Let me tell you, it's not fun. There is no amount of aftersun in the world that will fix bacon-skin no matter what anyone tells you. I also burn in really ridiculous places like the tops of my ears, and my cheeks. If you know me you will know that my cheeks stick out about a mile from my face, which might explain that one.
Also, I've re-discovered TV! I don't think I should probably say how, in case the interwebs police come and tell me that it's not allowed, but it means I can watch iplayer again, from over here. Many happies for me. However, it does mean I have fallen back into my old ways, which is to say, watching Grannie Programs intended only for Grannies.
Le Boyfriend dislikes my addiction to said Grannie Programs, as well as everything else Granny-ish I do. For to good of the blog, I feel like I should now list these things out.
- Enjoying stately homes
- Enjoying country walks
- Baking cakes
- Being able to knit (not very well, I must add, but I still do it)
- Liking museums
- Liking history in general really (and this criticism comes from the man who nearly did a history degree)

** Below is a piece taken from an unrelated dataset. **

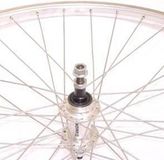 Roland achterwiel 28 vast freewh Alu AS26 zilver zink spk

- Driving at the speed limit or below
- Watching my telly, which includes
= Murder She Wrote
= New Tricks
= Midsommer Murders
= Miss Marple
= Actually anything with a ridiculous murder plot, as long as it's not set in Oxford or Scotland.
Having now typed that out, I am ready to accept that maybe I am an old woman. But I am a cool old woman. Maybe I'll dye my hair purple.